### Records
★ ★ ★ ★ ★ ★ ★

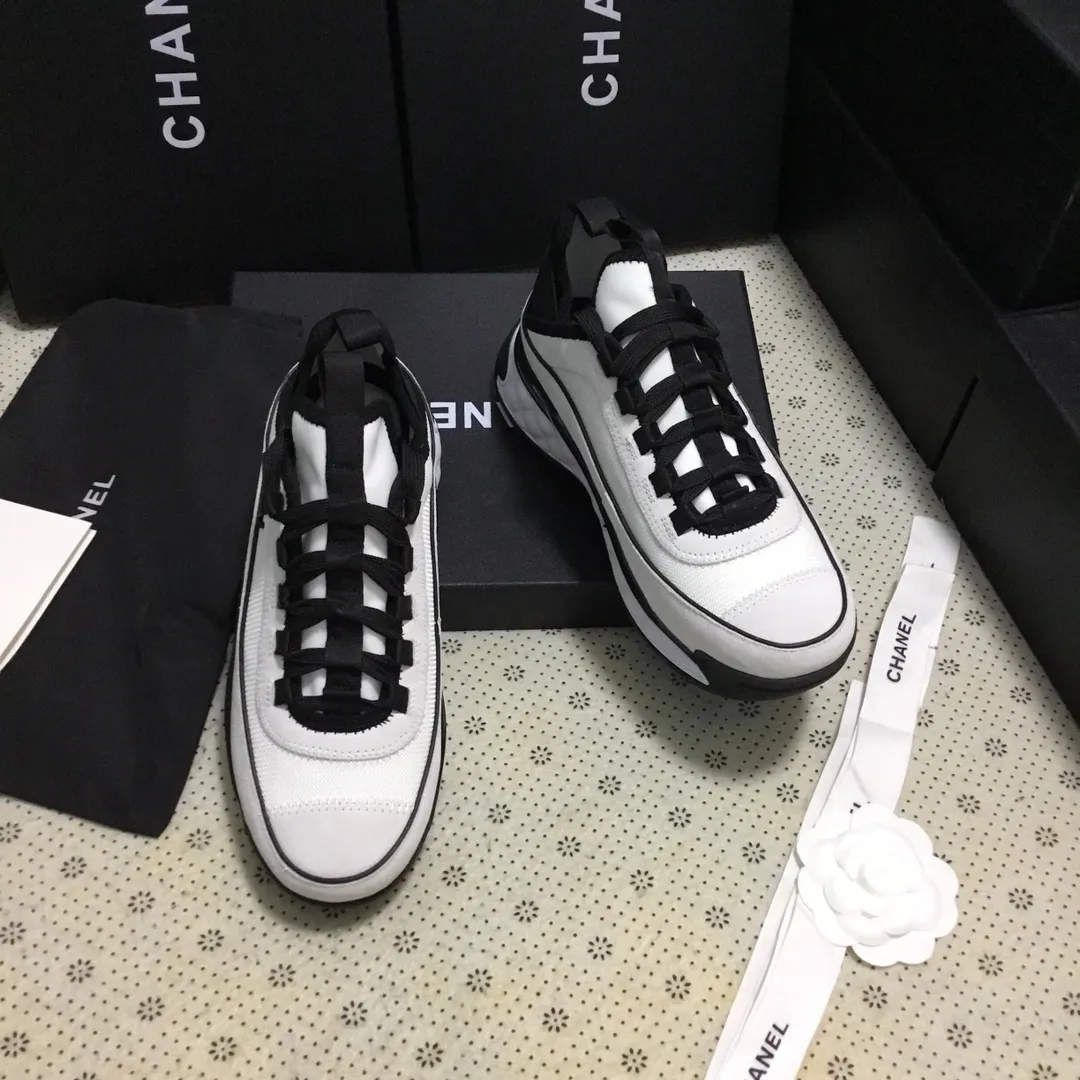 👟👟Ex-factory price 540👟👟 Original CHANEL 2025 Chanel Four Seasons Casual Sports Shoes Original Cover Lasting for Women is made one to one with original lasting technology. Fabric: first layer of silk cowhide with high-elastic lycra and knitted fabric, comfortable and breathable. TPU 3-in-1 ultra-light outsole. Comfortable on the foot. Versatile. Built-in 2 cm brand heightening insole, size: women's 35-41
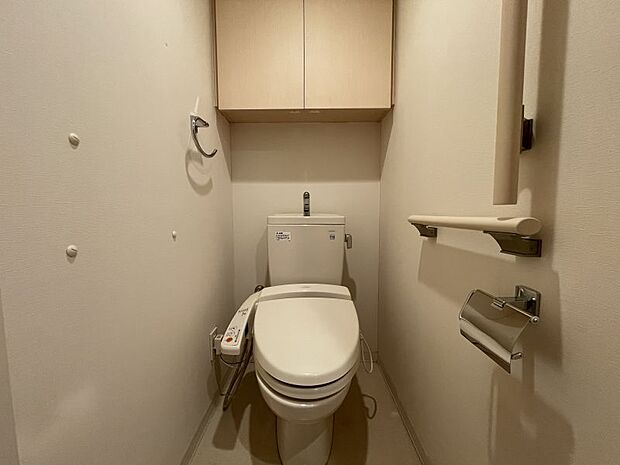 清潔感のあるトイレ。設備の変更をご希望の方にはリフォームもご提案できます。ぜひご相談ください！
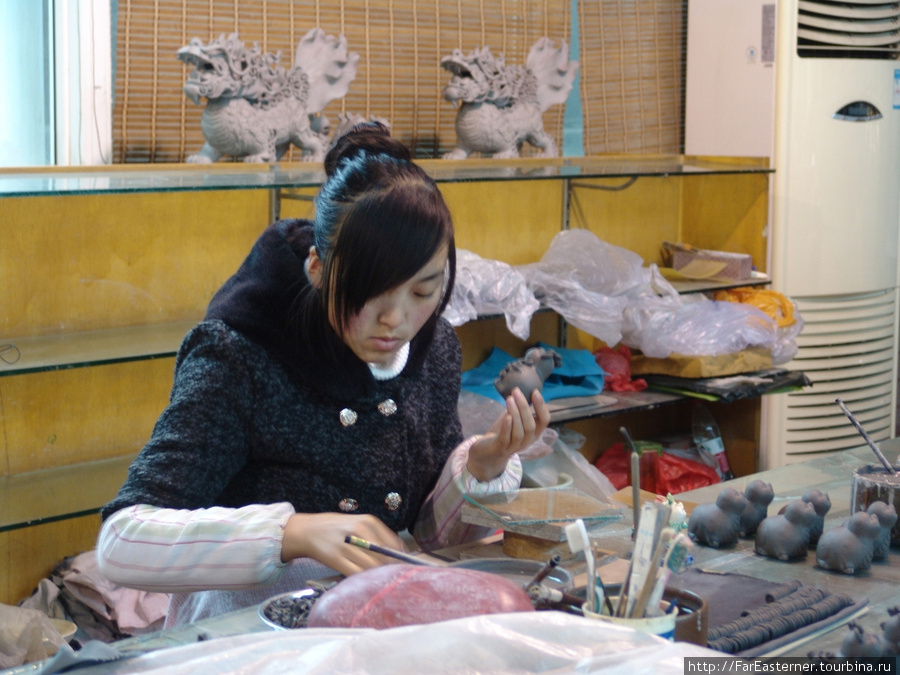 Государственная фабрика по производству сувениров в Сиане Сиань, Китай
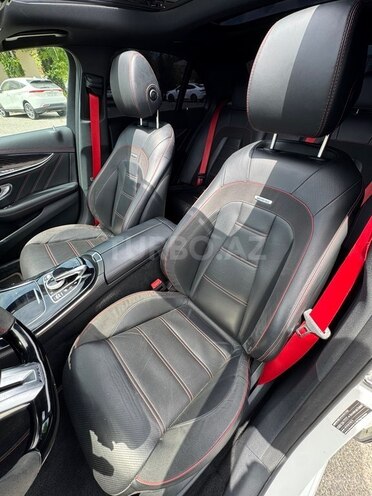 Mercedes E 43 AMG 4MATIC-21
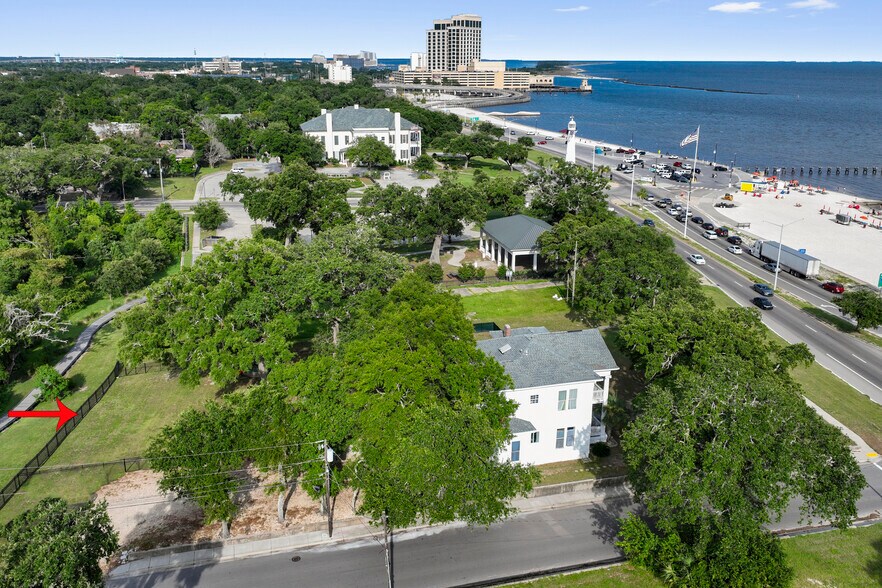 1096 Beach Blvd, Biloxi, MS à vendre - Photo de l’immeuble – Image 2 sur 10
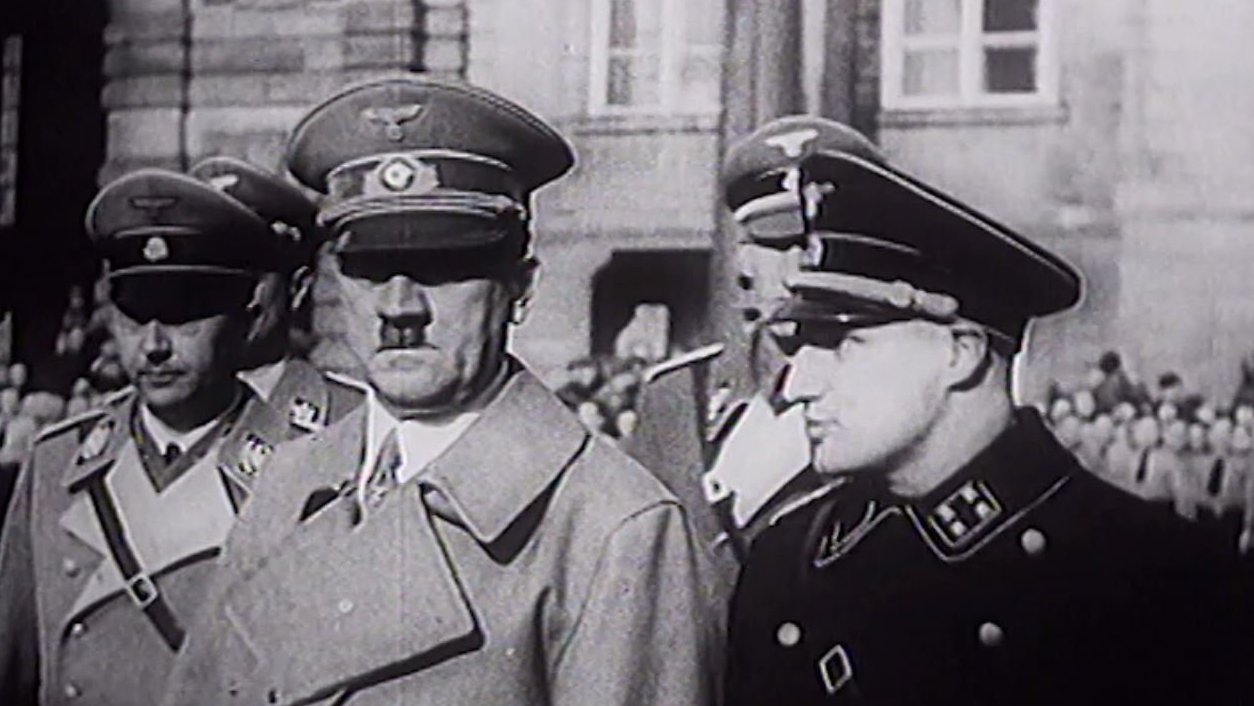 Hitlerův příjezd (z dokumentu Prezident, který se nerad fotografoval, 1993)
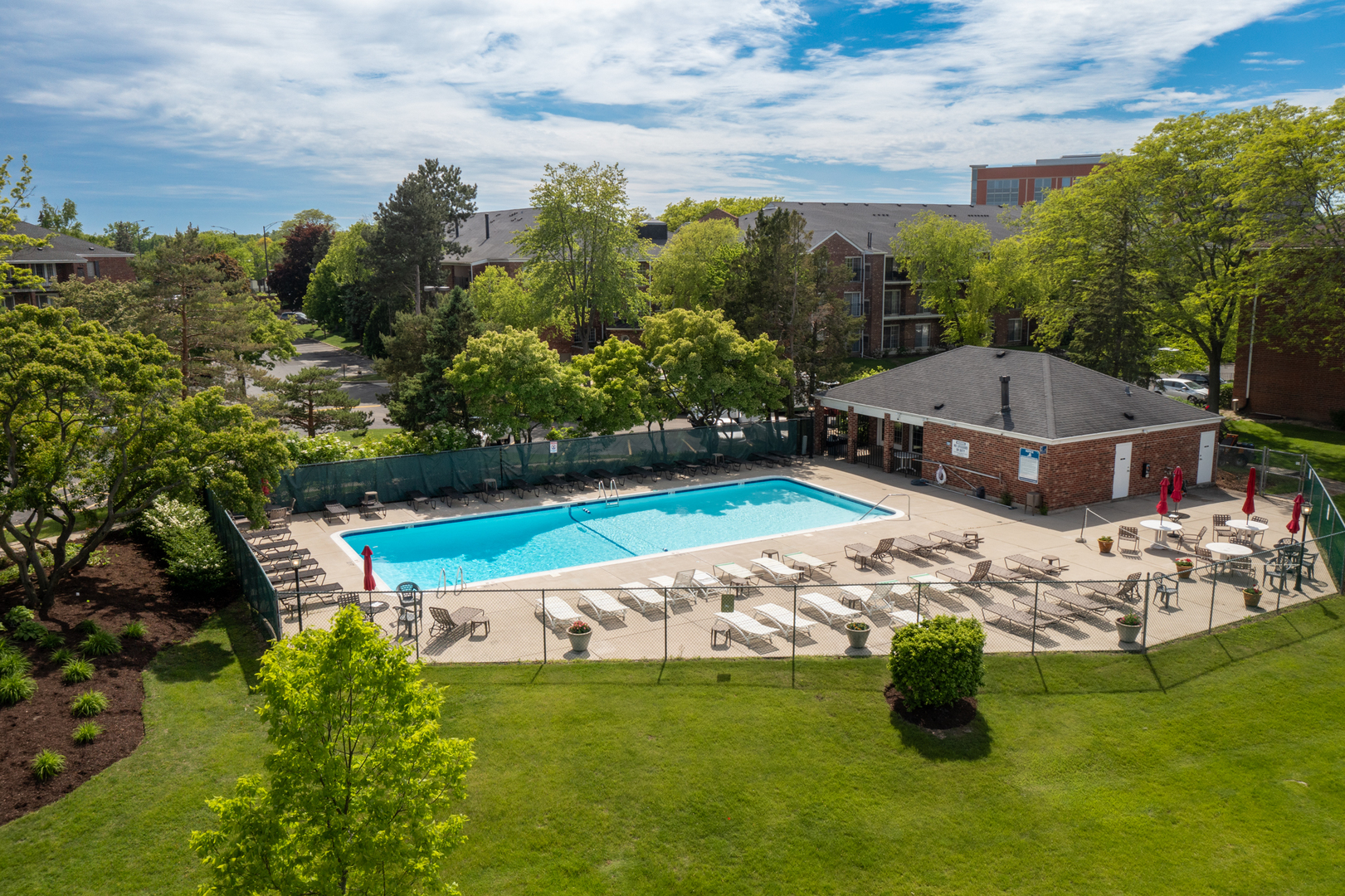 815 Leicester Road #219, Elk Grove Village, IL 60007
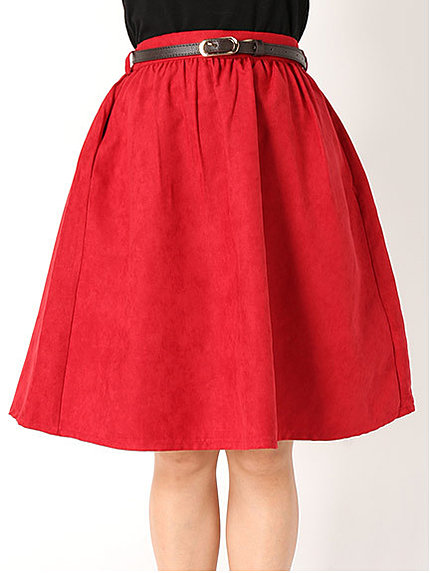 細ベルト付きカラーフレアスカート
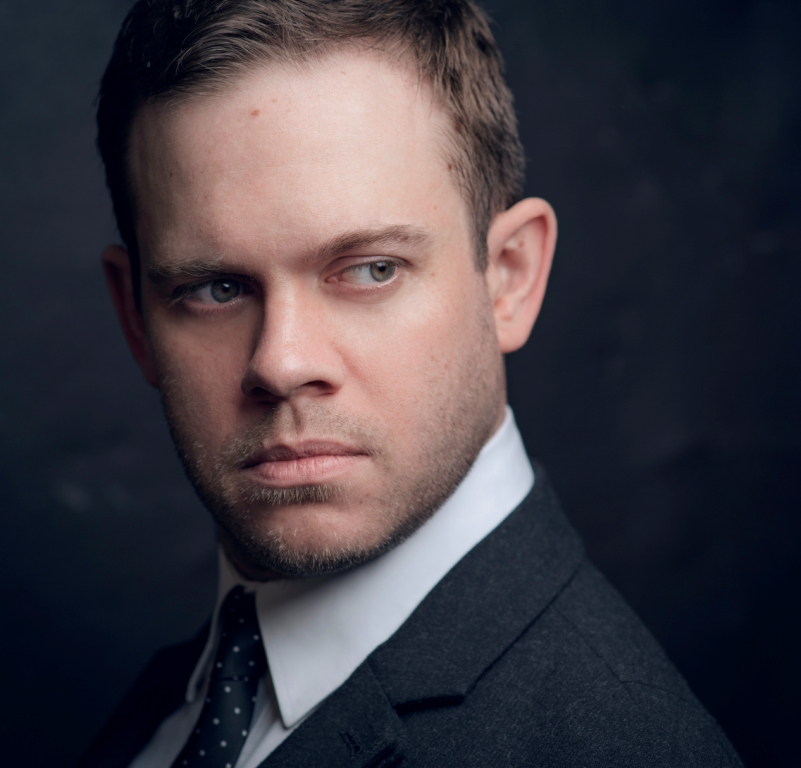 Headshot of Andrew Harris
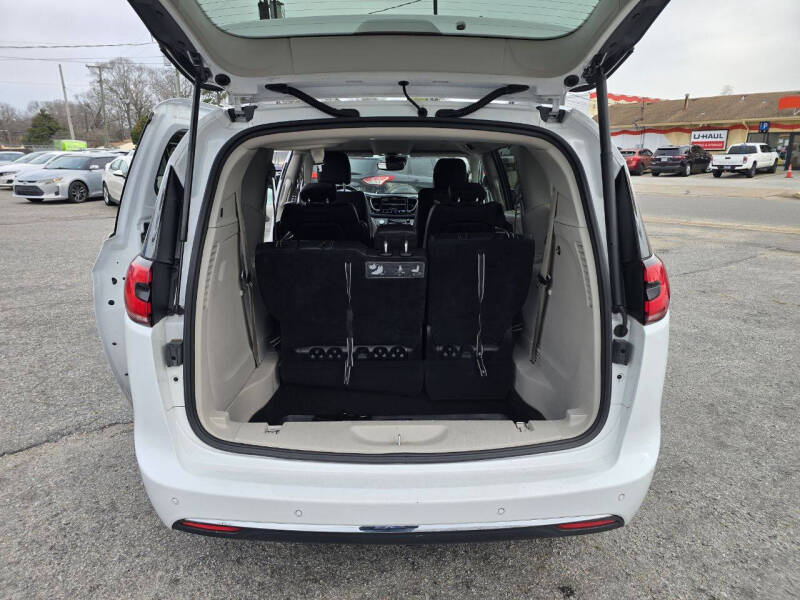 2021 Chrysler Pacifica Touring L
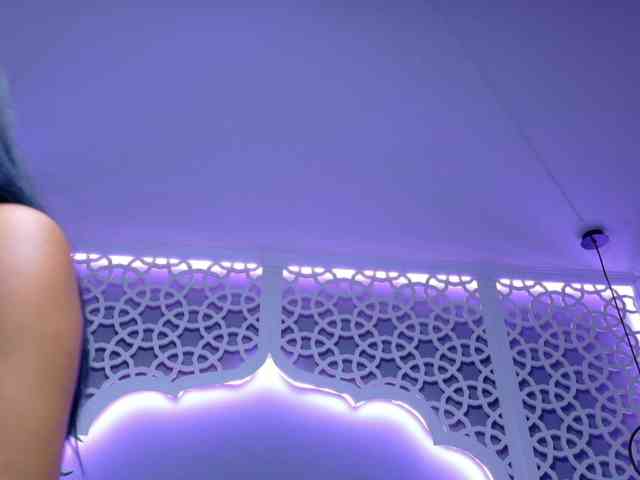 LunaLuxe webcam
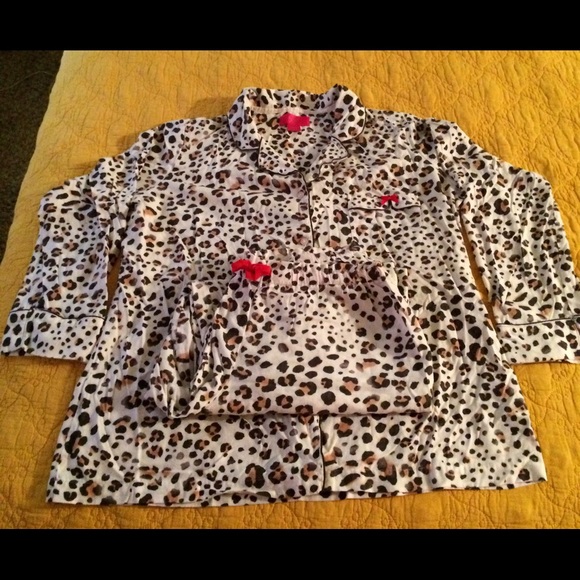 Victoria Secrets cheetah XL pajamas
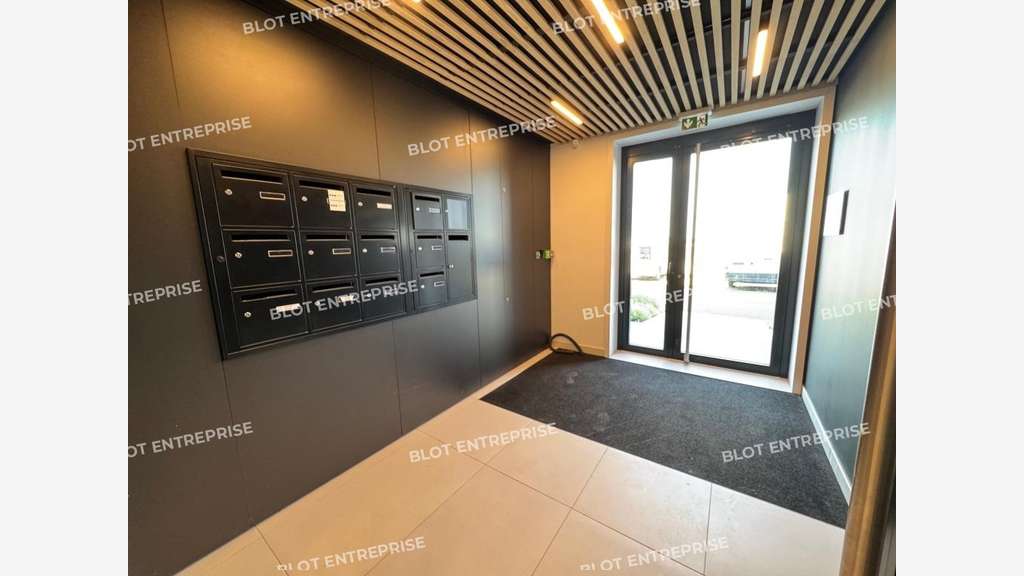 A vendre bureaux neufs 520m² à Vallet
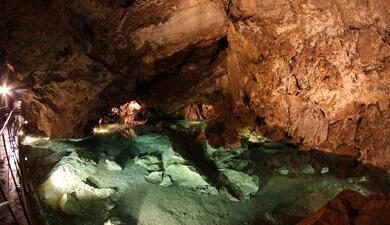 bozkovské dolomitové jeskyně český ráj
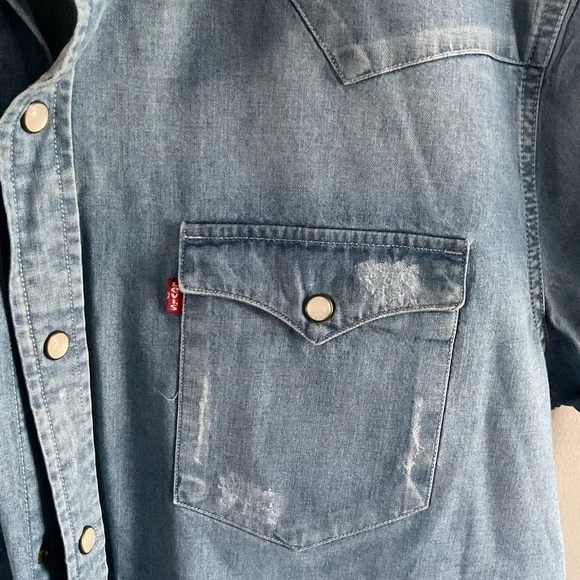 Levi's Blue Denim Men's Shirt - Picture 2 of 5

★ ★ ★ ★ ★ ★ ★

### Problem description
Without the images, output all the entries exactly as they stand.

### Answer section
 👟👟Ex-factory price 540👟👟 Original CHANEL 2025 Chanel Four Seasons Casual Sports Shoes Original Cover Lasting for Women is made one to one with original lasting technology. Fabric: first layer of silk cowhide with high-elastic lycra and knitted fabric, comfortable and breathable. TPU 3-in-1 ultra-light outsole. Comfortable on the foot. Versatile. Built-in 2 cm brand heightening insole, size: women's 35-41
 清潔感のあるトイレ。設備の変更をご希望の方にはリフォームもご提案できます。ぜひご相談ください！
 Государственная фабрика по производству сувениров в Сиане Сиань, Китай
 Mercedes E 43 AMG 4MATIC-21
 1096 Beach Blvd, Biloxi, MS à vendre - Photo de l’immeuble – Image 2 sur 10
 Hitlerův příjezd (z dokumentu Prezident, který se nerad fotografoval, 1993)
 815 Leicester Road #219, Elk Grove Village, IL 60007
 細ベルト付きカラーフレアスカート
 Headshot of Andrew Harris
 2021 Chrysler Pacifica Touring L
 LunaLuxe webcam
 Victoria Secrets cheetah XL pajamas
 A vendre bureaux neufs 520m² à Vallet
 bozkovské dolomitové jeskyně český ráj
 Levi's Blue Denim Men's Shirt - Picture 2 of 5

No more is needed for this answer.